§ **Task directions**: Only certain lines below are wanted: those starting at the line containing "of seeing a" and ending at the line containing "New Year Party", both included, each retyped exactly.

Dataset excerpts
[Start of section]
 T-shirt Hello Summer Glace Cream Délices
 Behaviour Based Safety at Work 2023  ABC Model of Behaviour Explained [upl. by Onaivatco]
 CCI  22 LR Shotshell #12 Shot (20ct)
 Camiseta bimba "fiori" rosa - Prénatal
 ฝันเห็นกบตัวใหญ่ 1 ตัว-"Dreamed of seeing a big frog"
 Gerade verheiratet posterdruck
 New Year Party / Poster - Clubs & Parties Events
[End of section]
[Start of section]
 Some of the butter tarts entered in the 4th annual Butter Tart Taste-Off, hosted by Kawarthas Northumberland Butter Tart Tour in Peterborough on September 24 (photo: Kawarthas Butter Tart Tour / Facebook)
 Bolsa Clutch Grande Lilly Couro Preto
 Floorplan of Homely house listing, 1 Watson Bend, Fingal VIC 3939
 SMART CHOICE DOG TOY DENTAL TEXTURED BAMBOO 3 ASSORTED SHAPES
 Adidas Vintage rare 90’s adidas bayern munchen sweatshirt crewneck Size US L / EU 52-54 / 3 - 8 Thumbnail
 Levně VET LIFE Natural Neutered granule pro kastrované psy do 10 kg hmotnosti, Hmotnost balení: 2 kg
[End of section]
[Start of section]
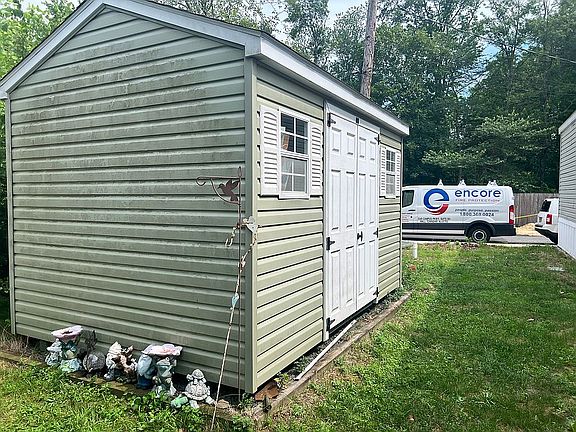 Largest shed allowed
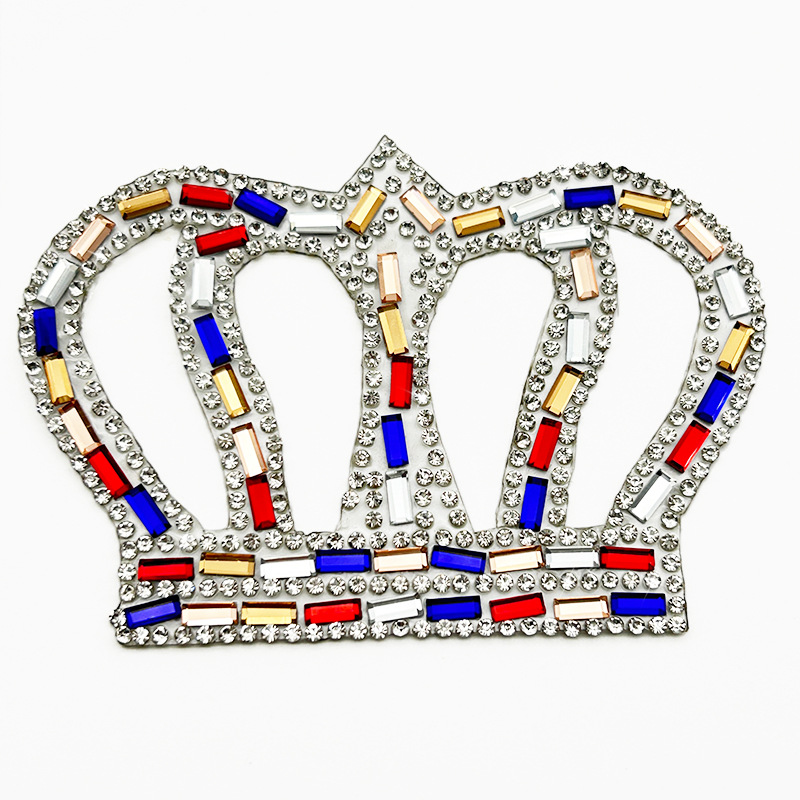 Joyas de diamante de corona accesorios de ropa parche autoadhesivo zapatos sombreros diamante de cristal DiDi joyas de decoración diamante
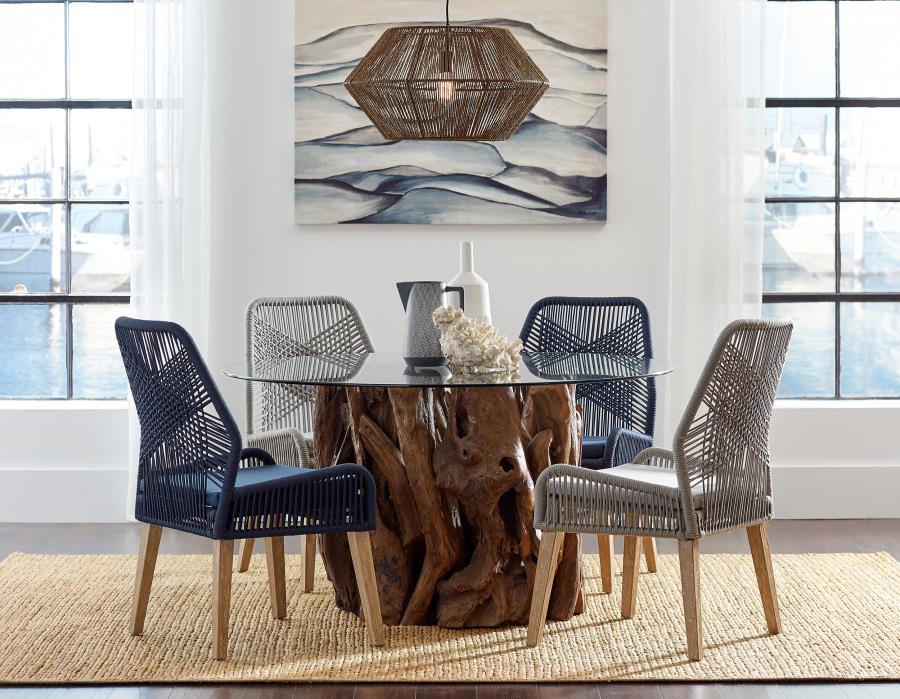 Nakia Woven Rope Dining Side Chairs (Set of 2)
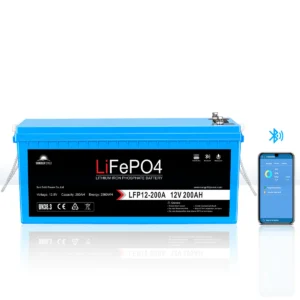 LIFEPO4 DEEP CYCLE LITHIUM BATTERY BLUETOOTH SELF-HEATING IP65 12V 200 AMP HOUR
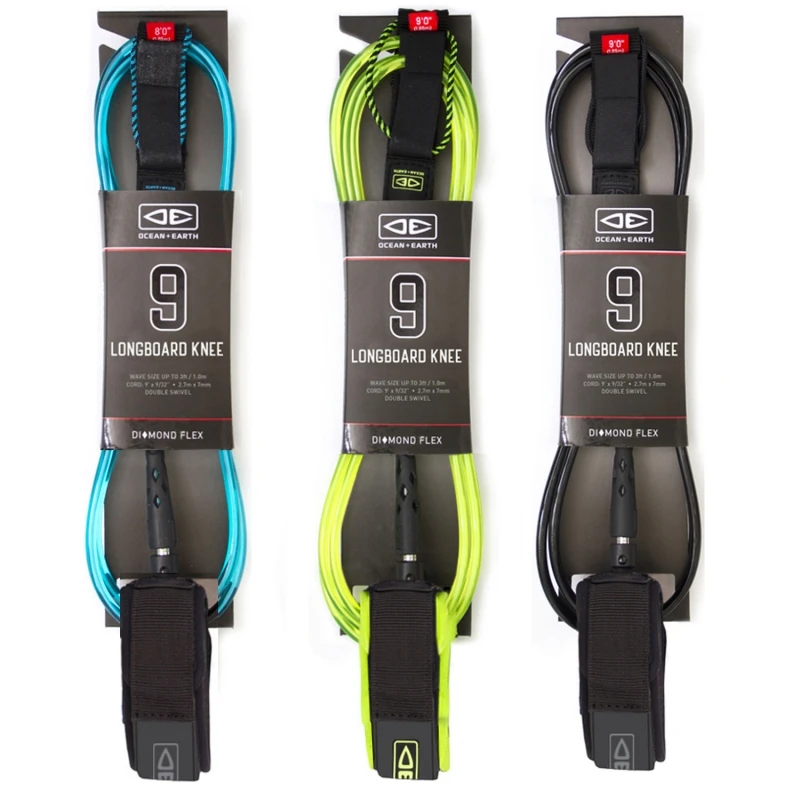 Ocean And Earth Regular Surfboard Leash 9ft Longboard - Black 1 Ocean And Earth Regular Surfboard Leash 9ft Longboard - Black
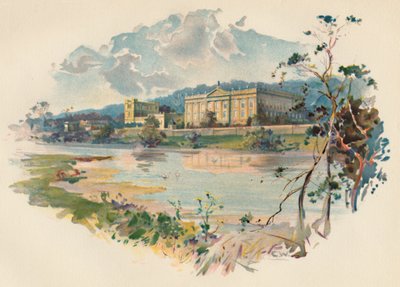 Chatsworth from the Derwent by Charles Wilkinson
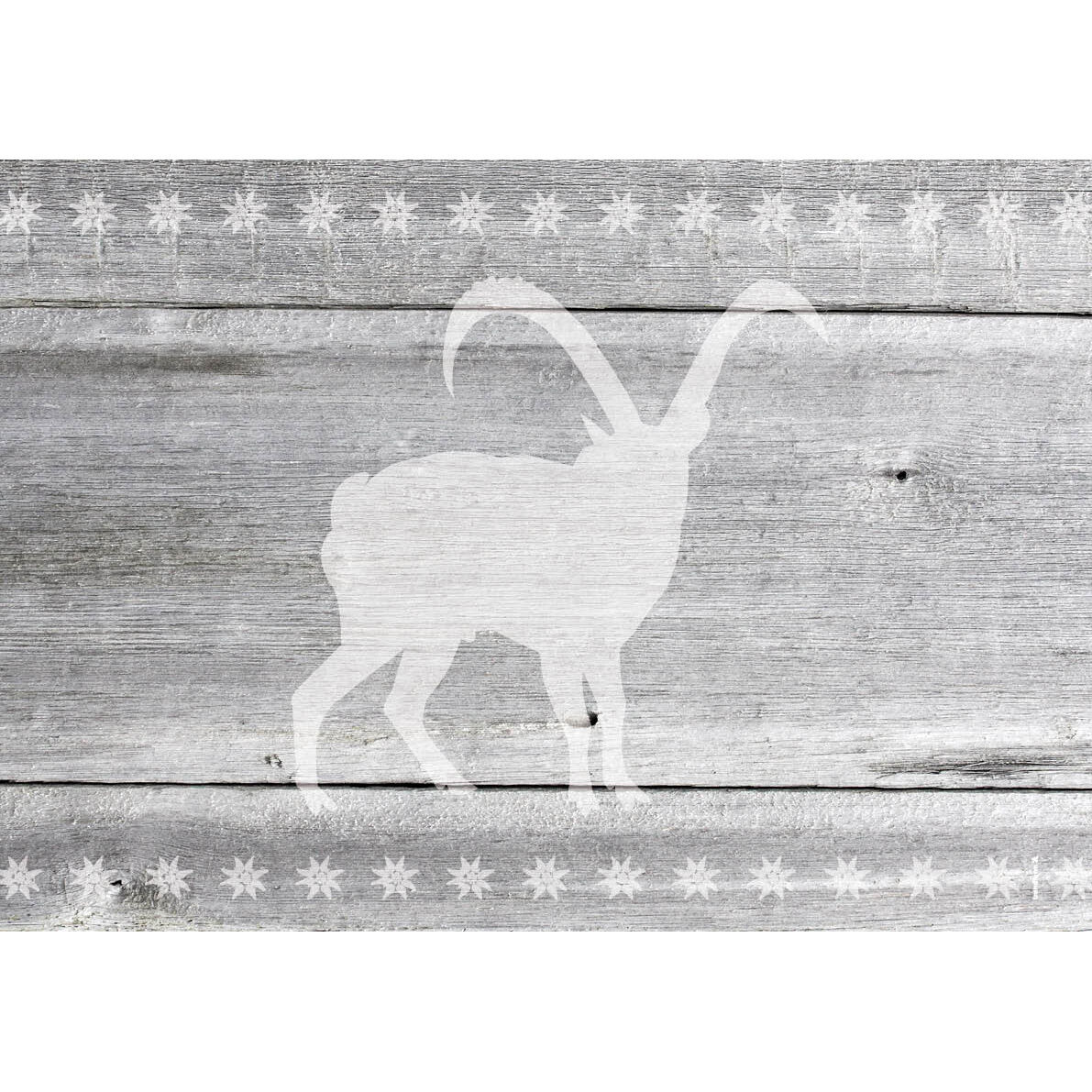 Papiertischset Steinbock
[End of section]
§ **Solution to this exercise**:
 ฝันเห็นกบตัวใหญ่ 1 ตัว-"Dreamed of seeing a big frog"
 Gerade verheiratet posterdruck
 New Year Party / Poster - Clubs & Parties Events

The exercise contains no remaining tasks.